Bij een speech in Berlijn kreeg die eigenschap deze week even de overhand. Tegen de achtergrond van zich terugtrekkende Amerikanen, Trump en Isis plegen de Britten niets minder dan vaandelvlucht, vindt Barnier. Hij somde ook even op wat hun 'betreurenswaardige beslissing' betekent: de minister van defensie zit niet meer bij de EU-ministerraad, de ambassadeur niet bij het Politiek en Veiligheidscomité, ze kunnen geen Europese militaire operaties of gevechtstroepen leiden en geen lid zijn van het Europese Defensie Agentschap of Europol.
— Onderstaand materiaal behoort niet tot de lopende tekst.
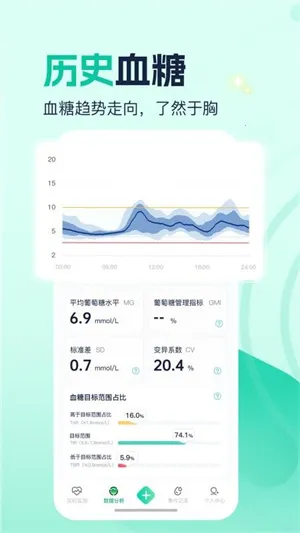 德美动态最新手机版 德美动态最新手机版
Het zijn feitelijke constateringen. Om dat ook tot Londen te laten doordringen hebben de 27 de onderhandelingen toevertrouwd aan iemand uit het enige EU-land dat de Britten op militair vlak recht in de ogen kan kijken. Het brengt de tabloids tot opperste razernij, maar als het schuim eenmaal van hun lippen is geweken, blijft de boodschap wel hangen.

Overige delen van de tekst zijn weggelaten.